ECLI:NL:RBOBR:2016:6245
Rechtbank Oost-Brabant
- Eerste aanleg - meervoudig
- Rechtspraak.nl
Disciplinaire maatregel van onvoorwaardelijk strafontslag wegens zeer ernstig plichtsverzuim van een medewerker van de Dienst Justitiële Inrichtingen
In deze zaak heeft de Rechtbank Oost-Brabant op 11 november 2016 uitspraak gedaan in een geschil tussen eiser, een medewerker van de Dienst Justitiële Inrichtingen, en de minister van Veiligheid en Justitie. Eiser was sinds 1 oktober 1994 werkzaam als senior penitentiair inrichtingswerker en kreeg onvoorwaardelijk strafontslag opgelegd wegens zeer ernstig plichtsverzuim. Dit plichtsverzuim bestond uit het aangaan van een niet-professionele relatie met een gedetineerde en het onderhouden van contact met haar moeder, zonder deze contacten te melden aan zijn werkgever.

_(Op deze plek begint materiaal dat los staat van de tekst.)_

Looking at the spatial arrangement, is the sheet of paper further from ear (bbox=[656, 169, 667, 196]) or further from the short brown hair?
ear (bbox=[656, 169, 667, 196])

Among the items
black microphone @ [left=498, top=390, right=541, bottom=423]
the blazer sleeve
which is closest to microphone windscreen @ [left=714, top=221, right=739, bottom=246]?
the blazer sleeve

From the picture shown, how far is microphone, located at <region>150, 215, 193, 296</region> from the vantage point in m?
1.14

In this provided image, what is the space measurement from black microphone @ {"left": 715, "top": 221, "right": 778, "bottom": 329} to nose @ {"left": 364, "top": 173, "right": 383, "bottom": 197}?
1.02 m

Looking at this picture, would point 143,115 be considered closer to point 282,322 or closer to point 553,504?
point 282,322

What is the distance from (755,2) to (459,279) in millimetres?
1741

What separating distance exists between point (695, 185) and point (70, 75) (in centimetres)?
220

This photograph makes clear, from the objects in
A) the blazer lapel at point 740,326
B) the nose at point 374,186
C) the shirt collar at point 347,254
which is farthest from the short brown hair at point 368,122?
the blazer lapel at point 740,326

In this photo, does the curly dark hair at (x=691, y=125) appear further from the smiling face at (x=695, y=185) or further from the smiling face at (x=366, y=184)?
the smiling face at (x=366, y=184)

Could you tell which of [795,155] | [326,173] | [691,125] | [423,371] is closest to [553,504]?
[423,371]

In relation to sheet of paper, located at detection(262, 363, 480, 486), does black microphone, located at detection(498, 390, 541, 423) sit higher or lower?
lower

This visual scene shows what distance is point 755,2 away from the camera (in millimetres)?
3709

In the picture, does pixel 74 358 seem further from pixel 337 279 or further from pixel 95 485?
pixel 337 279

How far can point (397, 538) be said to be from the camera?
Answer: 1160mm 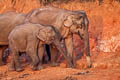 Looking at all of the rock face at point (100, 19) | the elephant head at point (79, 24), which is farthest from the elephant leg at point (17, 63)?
the rock face at point (100, 19)

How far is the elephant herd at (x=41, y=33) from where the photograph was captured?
380 inches

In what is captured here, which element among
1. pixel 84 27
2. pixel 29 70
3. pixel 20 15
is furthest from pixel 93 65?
pixel 20 15

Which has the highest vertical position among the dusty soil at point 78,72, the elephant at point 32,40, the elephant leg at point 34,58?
the elephant at point 32,40

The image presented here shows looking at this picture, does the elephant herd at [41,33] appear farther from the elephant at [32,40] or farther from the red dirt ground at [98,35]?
the red dirt ground at [98,35]

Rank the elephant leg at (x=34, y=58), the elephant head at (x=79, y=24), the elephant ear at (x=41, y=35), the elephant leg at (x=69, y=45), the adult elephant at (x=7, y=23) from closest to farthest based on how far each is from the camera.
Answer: the elephant leg at (x=34, y=58)
the elephant ear at (x=41, y=35)
the elephant head at (x=79, y=24)
the elephant leg at (x=69, y=45)
the adult elephant at (x=7, y=23)

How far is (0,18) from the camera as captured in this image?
37.1 ft

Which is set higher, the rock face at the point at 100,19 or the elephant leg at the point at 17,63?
the rock face at the point at 100,19

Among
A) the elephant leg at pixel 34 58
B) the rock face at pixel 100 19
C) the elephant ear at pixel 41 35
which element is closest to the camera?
the elephant leg at pixel 34 58

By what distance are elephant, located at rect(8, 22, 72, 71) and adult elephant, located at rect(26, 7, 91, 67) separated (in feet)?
2.07

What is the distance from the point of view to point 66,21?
10.4 meters

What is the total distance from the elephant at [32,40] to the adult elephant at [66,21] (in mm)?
632

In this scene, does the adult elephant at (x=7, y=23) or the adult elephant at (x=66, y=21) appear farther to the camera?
the adult elephant at (x=7, y=23)

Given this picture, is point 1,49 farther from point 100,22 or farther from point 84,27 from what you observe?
point 100,22

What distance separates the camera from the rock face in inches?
512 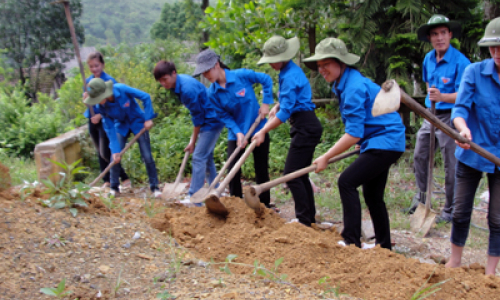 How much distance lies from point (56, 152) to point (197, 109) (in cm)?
273

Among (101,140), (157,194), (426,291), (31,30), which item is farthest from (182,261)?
(31,30)

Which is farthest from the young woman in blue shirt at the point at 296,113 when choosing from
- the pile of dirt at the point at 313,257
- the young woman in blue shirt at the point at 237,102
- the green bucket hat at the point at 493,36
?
the green bucket hat at the point at 493,36

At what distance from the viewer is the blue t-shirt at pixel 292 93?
12.4 feet

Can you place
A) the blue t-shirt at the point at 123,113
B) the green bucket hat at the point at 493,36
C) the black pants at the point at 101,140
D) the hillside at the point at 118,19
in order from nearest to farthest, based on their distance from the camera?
the green bucket hat at the point at 493,36 → the blue t-shirt at the point at 123,113 → the black pants at the point at 101,140 → the hillside at the point at 118,19

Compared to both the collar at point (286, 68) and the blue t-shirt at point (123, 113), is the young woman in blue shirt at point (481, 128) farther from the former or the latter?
the blue t-shirt at point (123, 113)

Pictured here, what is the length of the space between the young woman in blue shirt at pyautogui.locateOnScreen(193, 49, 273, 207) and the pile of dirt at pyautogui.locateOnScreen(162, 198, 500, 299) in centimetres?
94

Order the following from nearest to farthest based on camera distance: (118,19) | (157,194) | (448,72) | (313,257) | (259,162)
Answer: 1. (313,257)
2. (448,72)
3. (259,162)
4. (157,194)
5. (118,19)

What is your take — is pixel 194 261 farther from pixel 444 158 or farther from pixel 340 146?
pixel 444 158

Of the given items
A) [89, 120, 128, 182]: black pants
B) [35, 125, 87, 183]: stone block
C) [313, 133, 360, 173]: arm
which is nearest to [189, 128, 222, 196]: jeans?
[89, 120, 128, 182]: black pants

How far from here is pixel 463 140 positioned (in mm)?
2689

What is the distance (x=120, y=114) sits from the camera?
528cm

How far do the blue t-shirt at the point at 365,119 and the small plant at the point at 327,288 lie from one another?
3.53ft

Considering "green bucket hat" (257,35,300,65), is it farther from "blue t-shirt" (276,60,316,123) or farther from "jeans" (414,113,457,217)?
"jeans" (414,113,457,217)

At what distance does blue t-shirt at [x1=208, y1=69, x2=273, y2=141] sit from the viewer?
4.44 meters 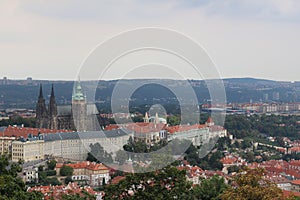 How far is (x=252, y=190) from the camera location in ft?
26.0

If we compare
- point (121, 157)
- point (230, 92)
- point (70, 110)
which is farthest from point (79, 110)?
point (230, 92)

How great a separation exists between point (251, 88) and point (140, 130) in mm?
77840

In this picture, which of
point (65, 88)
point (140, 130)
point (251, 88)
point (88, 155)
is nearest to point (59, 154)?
point (88, 155)

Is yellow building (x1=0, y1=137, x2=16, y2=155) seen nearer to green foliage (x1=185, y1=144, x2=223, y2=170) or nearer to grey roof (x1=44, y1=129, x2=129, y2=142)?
grey roof (x1=44, y1=129, x2=129, y2=142)

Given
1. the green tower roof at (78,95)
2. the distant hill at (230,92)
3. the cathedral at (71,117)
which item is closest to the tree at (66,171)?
the cathedral at (71,117)

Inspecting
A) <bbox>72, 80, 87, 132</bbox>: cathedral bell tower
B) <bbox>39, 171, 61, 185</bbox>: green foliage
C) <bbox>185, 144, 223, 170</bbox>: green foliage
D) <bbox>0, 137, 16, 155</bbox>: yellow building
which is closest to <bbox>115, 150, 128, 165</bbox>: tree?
<bbox>39, 171, 61, 185</bbox>: green foliage

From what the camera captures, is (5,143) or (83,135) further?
(5,143)

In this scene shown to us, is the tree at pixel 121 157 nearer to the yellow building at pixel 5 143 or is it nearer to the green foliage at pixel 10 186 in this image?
the yellow building at pixel 5 143

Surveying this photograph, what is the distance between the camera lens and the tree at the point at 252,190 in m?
7.87

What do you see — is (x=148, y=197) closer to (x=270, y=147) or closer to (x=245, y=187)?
(x=245, y=187)

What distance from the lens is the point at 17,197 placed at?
877cm

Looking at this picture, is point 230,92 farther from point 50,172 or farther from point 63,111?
point 50,172

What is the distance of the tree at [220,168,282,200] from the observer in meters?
7.87

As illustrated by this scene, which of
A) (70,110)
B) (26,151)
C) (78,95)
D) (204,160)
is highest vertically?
(78,95) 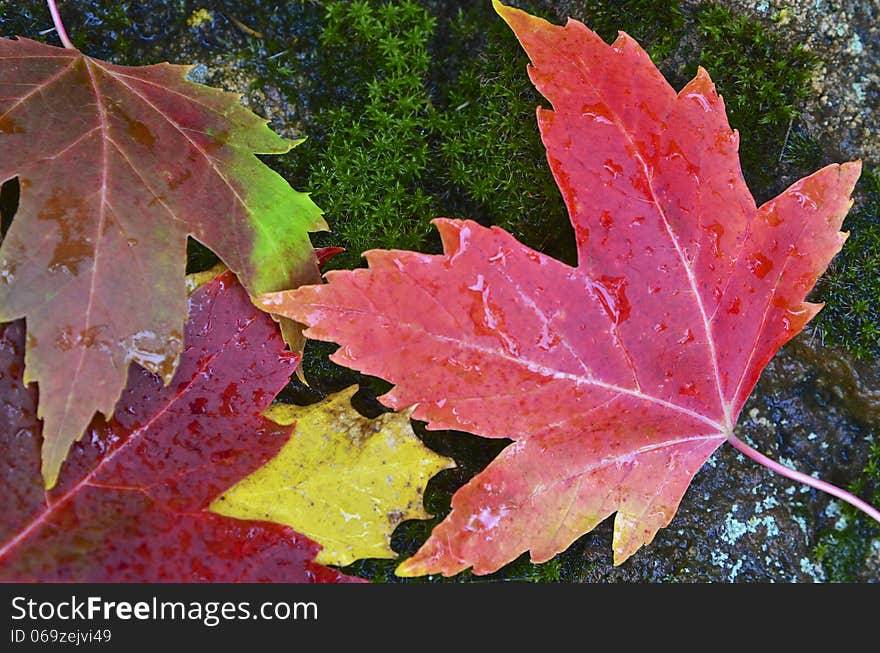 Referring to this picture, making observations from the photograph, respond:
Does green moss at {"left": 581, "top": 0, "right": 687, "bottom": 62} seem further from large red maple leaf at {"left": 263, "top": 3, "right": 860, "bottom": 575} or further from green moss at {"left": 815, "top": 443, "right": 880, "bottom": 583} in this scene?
green moss at {"left": 815, "top": 443, "right": 880, "bottom": 583}

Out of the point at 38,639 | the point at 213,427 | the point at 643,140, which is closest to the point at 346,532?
the point at 213,427

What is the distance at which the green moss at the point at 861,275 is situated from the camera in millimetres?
1434

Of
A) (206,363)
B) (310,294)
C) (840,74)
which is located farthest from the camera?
(840,74)

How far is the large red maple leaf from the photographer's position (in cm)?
116

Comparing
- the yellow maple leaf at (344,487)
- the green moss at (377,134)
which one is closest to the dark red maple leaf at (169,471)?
the yellow maple leaf at (344,487)

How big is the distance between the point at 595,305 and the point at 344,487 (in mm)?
522

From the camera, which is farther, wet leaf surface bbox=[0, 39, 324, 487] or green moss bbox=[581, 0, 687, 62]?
green moss bbox=[581, 0, 687, 62]

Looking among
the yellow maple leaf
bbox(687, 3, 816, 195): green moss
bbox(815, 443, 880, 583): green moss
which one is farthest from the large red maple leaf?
bbox(815, 443, 880, 583): green moss

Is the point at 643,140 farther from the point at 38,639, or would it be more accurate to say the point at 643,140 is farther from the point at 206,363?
the point at 38,639

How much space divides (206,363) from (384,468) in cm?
35

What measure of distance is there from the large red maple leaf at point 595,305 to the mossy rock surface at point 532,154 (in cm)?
27

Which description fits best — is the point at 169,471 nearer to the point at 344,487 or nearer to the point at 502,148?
the point at 344,487

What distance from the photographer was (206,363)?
1.22 meters

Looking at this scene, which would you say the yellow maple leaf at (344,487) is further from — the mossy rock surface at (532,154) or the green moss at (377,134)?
the green moss at (377,134) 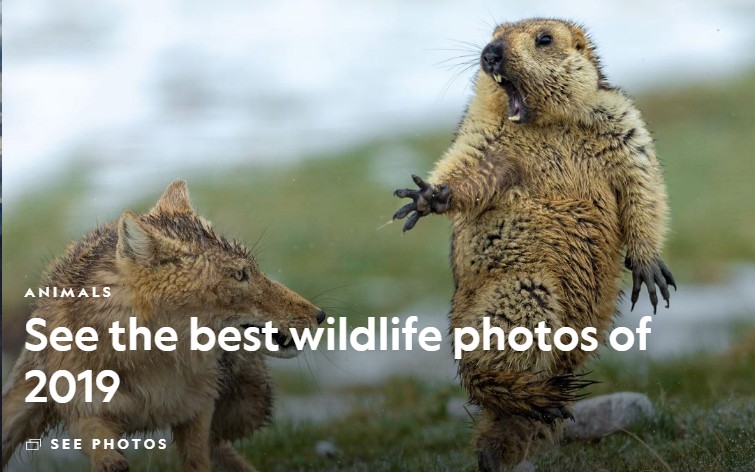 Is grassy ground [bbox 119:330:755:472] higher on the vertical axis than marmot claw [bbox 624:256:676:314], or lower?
lower

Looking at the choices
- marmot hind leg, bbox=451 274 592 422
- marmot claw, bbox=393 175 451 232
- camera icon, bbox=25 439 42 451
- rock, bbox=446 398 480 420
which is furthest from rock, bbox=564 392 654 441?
camera icon, bbox=25 439 42 451

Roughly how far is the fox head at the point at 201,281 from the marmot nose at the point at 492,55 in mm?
1861

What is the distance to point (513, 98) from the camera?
6.53 meters

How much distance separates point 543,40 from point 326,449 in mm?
3701

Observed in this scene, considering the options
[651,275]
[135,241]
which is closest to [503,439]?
[651,275]

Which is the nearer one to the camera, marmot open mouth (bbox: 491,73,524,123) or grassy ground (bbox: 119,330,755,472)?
marmot open mouth (bbox: 491,73,524,123)

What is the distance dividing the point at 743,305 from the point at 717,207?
3.88m

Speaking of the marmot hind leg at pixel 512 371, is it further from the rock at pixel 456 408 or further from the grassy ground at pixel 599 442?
the rock at pixel 456 408

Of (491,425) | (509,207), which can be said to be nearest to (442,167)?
(509,207)

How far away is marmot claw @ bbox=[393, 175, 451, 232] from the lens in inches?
226

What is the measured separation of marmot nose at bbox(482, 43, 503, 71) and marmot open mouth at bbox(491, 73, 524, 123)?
0.08 meters

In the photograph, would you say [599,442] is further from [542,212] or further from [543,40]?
[543,40]

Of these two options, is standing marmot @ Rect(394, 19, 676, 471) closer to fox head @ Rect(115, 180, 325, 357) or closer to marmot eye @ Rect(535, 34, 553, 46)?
marmot eye @ Rect(535, 34, 553, 46)

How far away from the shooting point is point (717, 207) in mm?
16234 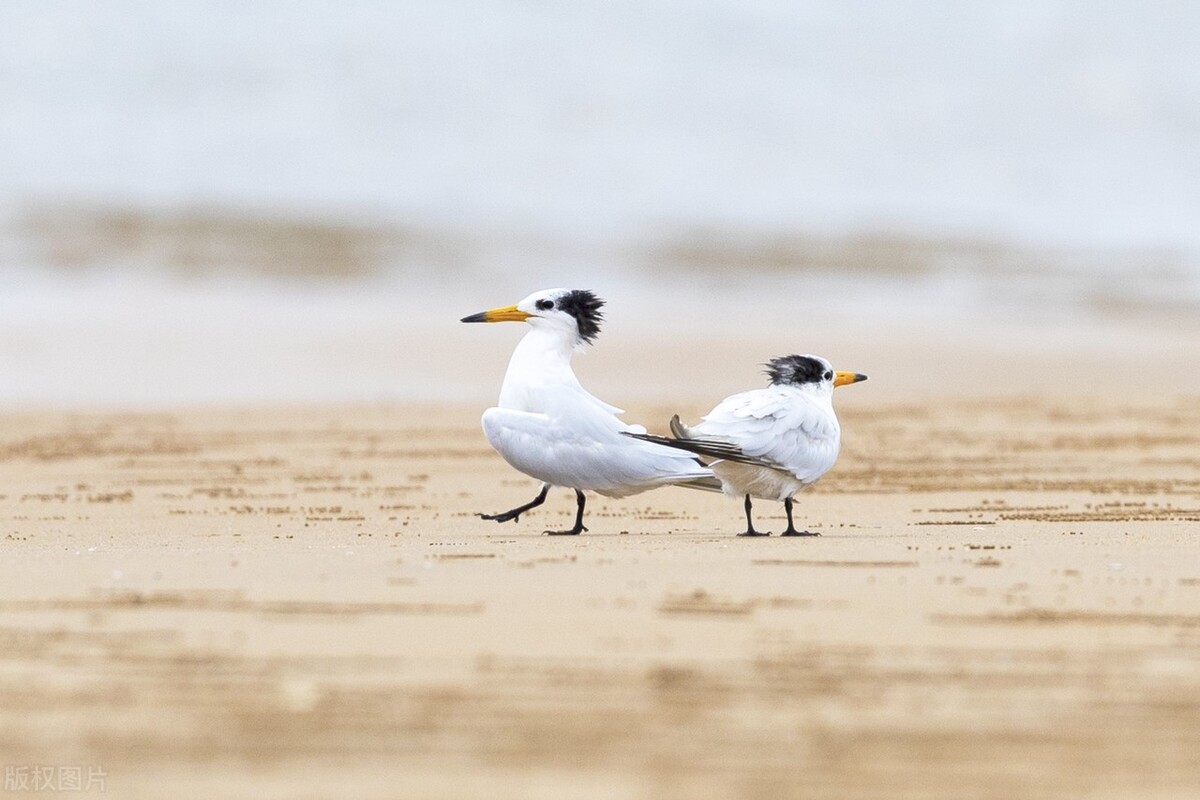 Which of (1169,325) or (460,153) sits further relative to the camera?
(460,153)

De rechtbank oordeelde dat het niet melden van deze contacten op zichzelf al zeer ernstig plichtsverzuim was en dat het opgelegde ontslag niet onevenredig was aan de ernst van de gedragingen. Eiser had erkend dat hij zich schuldig had gemaakt aan plichtsverzuim, maar betwistte de evenredigheid van de straf. De rechtbank concludeerde dat de gedragingen van eiser, die in strijd waren met de Gedragscode van de Dienst Justitiële Inrichtingen, de veiligheid en het aanzien van de inrichting ernstig in gevaar brachten. Het beroep op het gelijkheidsbeginsel werd afgewezen, omdat er geen sprake was van gelijke gevallen. De rechtbank verklaarde het beroep ongegrond en wees het verzoek om schadevergoeding af.